Created by: Charlie Grandy
Directors: Anne Walker Farrell (Velma), Cal Ramsey (The Candy (Wo)man)
Writers: Charlie Grandy (Velma), Akshara Sekar (The Candy (Wo)man)
Cast: Mindy Kaling, Glenn Howerton, Sam Richardson, Constance Wu, Russell Peters, Melissa Fumero, Jane Lynch, Wanda Sykes, Cherry Jones, Frank Welker
“Velma” & “The Candy (Wo)man” – 13/01/23
Velma debuted with a double episode premiere on Binge. The show will continue to release two episodes every Friday for a total of ten episodes.
The target audience for Velma is confusing. The adult-orientated animated series is an origin story for Velma Dinkley and the creation of Mystery Inc. Scooby-Doo. Its various spin-off and movies are targeted at kids, yet Velma seems to be for something other than the kids who watched Scooby-Doo and have grown up. The show targets teens who have yet to watch the show; they never had Cartoon Network or Saturday morning cartoons; they’ve always had Netflix and don’t even know who Velma is. But maybe that is the target audience because Velma is a show all too happy to throw out any idea you may have had for Fred, Daphne or “Shaggy,” who is going by his real name here, Norville.
The series debuted with a double episode that introduced the young teenage versions of our would-be mystery solvers. Five minutes into ‘Velma’ the pilot episode, there’s nudity, a dead body missing a brain and jokes about cockroaches having sex. I hated the first five-to-ten minutes of the premiere episode and was very quickly going to write the series off. Still, I came around to the new versions of these characters in the back end of the premiere and the second episode, “The Candy (Wo)man.” The joke quality isn’t consistent, and the show has already set it up to consistently make fun of TV tropes while proceeding to do the thing it’s making fun of other shows for doing. Funny once and dumb every time after.
The first episode introduces the snarky Velma, who is against solving mysteries as she thinks her mystery-solving as a kid led to her mother disappearing. But when someone turns up in her locker dead and missing her brain, she begins piecing together elements. Along the way, we learn about her relationship with Daphne being strained — once childhood besties, now Daphne is the cool girl in school with no time for Velma; Fred is the hot guy in school but as dumb as rocks, and Norville is clearly in love with Velma but doesn’t express it, and Velma believes their relationship is purely platonic. For those wondering, there is no Scooby-Doo here, and it’s the one thing I do hope is added into the show as it progresses; as much as I understand it’s a prequel, what are the Mystery Inc gang without Scooby-Doo?
I was surprised to learn that the series will have a narrative arc instead of the classic ‘monster of the week’ stylings of typical Scooby-Doo shows. Velma is trying to find the person killing these girls in her school while also gathering files in the background to find out what happened to her mother. All the while, she’s building relationships with her-future partners in crime-solving. In the second episode, “The Candy (Wo)man,” Velma is clearly written as a queer woman as her relationship with Daphne is built upon, and the two get some great moments together. As does Fred, who I’ve decided I very much enjoy seeing portrayed as what he is: the spoilt rich white dude.

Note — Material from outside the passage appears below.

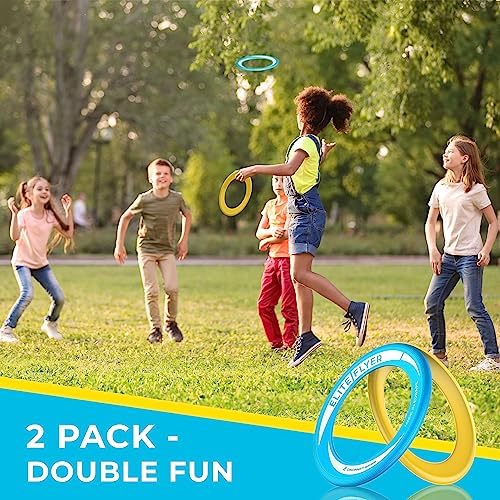 JANSKA 2-Pack Kids' Frisbee Rings - 85% Lighter Than Standard Frisbees for Kids - Ideal for Outdoor Games, Camping, Beach, Pool, Yard, and Summer Fun - Safe and Lightweight Flying Discs, Cyan/Yellow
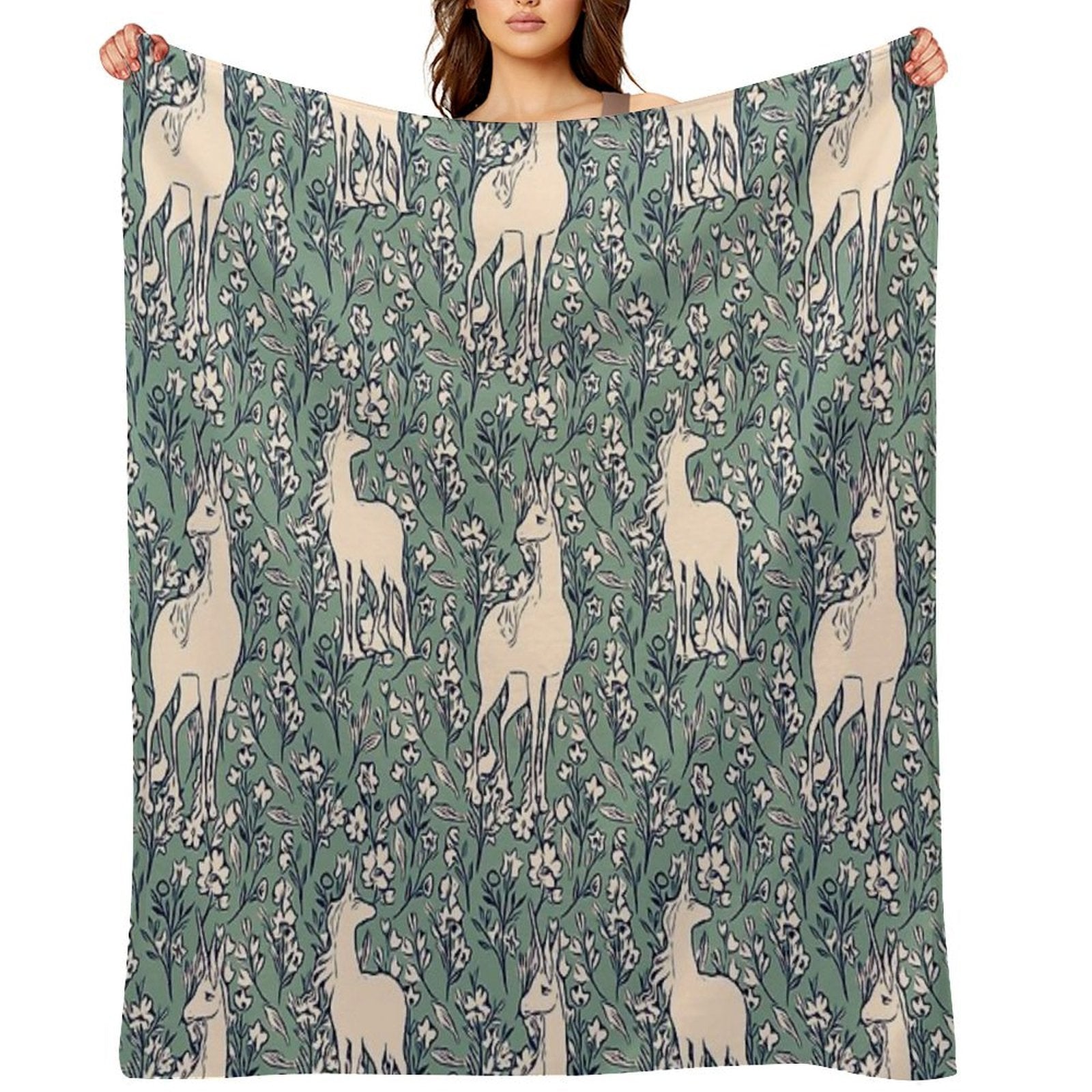 The Last Unicorn Ethereal Forest Print Comfort Throw Blanket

The voice cast is fantastic, with Mindy Kaling bringing the ultimate level of snark to Velma that would make Daria blush. Glenn Howerton is gloriously dimwitted as Fred, Constance Wu is lively and (once you get through that first ten minutes) a surprisingly likeable character and Sam Richardson’s portrayal of the man who will be “Shaggy” is mainly used as comedic relief, but he’s a lovable guy. All the characters look great, with the series at times elevating to the level of high-antiomed and overly expressivness that the characters are often seen doing in their original series.’ It’s also a very colourful show and plays into surrealism at times, with characters losing limbs in gory fashion for jokes and played off a scene later as if nothing happened.
When the credits rolled on episode two, I had come around on Velma. I still have no idea who the target audience for this show is, if it’ll find one, or if the mystery and character relationships will grow tiresome on me, and I’ll do a 180 back to seeing this show a bit too trie-hard as I felt in that opening ten minutes. As of now, I’m aboard. Let’s jump into the Mystery Machine and solve the tale of your missing mother, Velma.